2) 20 is the LCM of 4 and 5, so let's assume that both solutions have a volume of 20 units. From the first solution, we have that water is \(\frac{3}{4}\) of the solution (which we said had a volume of 20), which gives 15 units of water and thus 5 units of alcohol. From the second solution, we have that water is \(\frac{2}{5}\) of the solution, which gives 8 units of water and 12 units of alcohol.
3) Since we are mixing both solutions with an equal amount, 20 units, our new solution has a total volume of 40 units. From 2), combining the water and alcohol in both solutions, we get that our new solution has 17 units of alcohol (5 units from the first solution and 12 units from the second solution) and 23 units of water (15 units from the first solution and 8 units from the second solution). Thus, the amount of alcohol in the mixed solution is \(\frac{17}{40}\) = 42.5%.
PS: Time-wise I managed to do this slightly north of 2 minutes, but Bunuel's approach is of course much faster if one can identify the validity of that approach right off the bat.
/S
Took the same approach. What if the question asked for the solutions to be mixed in different proportions instead of the same? How would you use this method with unequal proportions?

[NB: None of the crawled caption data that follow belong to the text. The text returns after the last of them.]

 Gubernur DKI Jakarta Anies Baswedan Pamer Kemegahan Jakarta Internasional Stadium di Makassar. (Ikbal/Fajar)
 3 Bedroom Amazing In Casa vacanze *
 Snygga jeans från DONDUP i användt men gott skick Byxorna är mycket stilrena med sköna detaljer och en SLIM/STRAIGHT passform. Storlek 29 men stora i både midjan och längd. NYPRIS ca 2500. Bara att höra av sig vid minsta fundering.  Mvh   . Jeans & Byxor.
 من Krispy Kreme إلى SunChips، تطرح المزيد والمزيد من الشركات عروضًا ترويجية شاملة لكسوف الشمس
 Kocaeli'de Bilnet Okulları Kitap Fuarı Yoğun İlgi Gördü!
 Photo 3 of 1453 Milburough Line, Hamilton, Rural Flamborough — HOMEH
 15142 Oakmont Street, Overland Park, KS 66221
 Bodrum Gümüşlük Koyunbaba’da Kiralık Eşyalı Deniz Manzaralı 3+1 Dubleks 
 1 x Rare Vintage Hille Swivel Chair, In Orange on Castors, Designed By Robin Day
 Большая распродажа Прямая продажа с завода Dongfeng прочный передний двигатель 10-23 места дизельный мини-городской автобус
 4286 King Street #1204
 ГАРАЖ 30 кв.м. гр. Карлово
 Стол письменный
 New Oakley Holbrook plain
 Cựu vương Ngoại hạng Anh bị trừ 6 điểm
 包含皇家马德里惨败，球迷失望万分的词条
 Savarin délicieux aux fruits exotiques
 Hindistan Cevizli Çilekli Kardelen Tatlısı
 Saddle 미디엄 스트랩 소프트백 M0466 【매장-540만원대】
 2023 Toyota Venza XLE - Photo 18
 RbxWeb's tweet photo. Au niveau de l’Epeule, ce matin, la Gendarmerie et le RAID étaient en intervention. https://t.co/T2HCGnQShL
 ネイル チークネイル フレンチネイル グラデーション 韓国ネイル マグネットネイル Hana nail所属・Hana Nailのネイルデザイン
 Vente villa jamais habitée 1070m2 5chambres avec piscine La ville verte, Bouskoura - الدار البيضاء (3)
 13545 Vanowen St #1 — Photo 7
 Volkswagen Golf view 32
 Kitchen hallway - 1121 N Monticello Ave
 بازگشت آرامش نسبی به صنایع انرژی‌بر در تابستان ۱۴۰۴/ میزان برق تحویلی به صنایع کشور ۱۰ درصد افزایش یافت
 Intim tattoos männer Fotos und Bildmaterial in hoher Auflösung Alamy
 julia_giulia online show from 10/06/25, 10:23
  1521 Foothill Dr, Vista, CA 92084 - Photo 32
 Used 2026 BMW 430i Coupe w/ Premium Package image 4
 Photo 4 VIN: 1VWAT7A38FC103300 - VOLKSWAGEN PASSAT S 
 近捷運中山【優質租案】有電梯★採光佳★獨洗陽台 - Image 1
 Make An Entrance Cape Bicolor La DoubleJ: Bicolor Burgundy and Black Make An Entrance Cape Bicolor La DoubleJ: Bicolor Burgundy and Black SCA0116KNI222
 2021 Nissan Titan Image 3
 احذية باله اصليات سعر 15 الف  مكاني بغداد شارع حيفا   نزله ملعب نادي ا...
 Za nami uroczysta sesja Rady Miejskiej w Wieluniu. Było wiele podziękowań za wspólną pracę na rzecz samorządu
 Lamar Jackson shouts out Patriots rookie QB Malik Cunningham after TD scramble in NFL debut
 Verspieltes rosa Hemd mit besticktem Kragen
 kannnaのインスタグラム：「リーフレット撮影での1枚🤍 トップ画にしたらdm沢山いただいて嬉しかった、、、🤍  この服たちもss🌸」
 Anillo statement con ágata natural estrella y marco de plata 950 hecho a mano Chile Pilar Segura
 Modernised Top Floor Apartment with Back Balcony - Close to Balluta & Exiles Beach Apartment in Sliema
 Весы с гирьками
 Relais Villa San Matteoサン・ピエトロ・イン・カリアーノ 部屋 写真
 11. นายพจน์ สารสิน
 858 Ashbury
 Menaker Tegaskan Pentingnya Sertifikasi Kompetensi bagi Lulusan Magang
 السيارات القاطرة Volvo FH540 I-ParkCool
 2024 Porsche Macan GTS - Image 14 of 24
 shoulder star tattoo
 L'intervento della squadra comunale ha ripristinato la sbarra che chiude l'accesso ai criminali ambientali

The answer is option C. The first soln has water and alcohol is the ration 75:25 and the second solution in the ratio 40:60. If equal amount of the two are taken, the ratio of water and alcohol is 115:85. The percentage of alcohol is (85/200)*100 or 42.5%
_________________
I just summed up the sums of the solutions which yielded 9 ( (1+3) + (3+2) = 9) Afterwards I did the same with the alcohol solutions which yielded 4 (3 + 1) THe percentage of alcohol would be 4/9 = 0.4444 , Can you tell me what is wrong?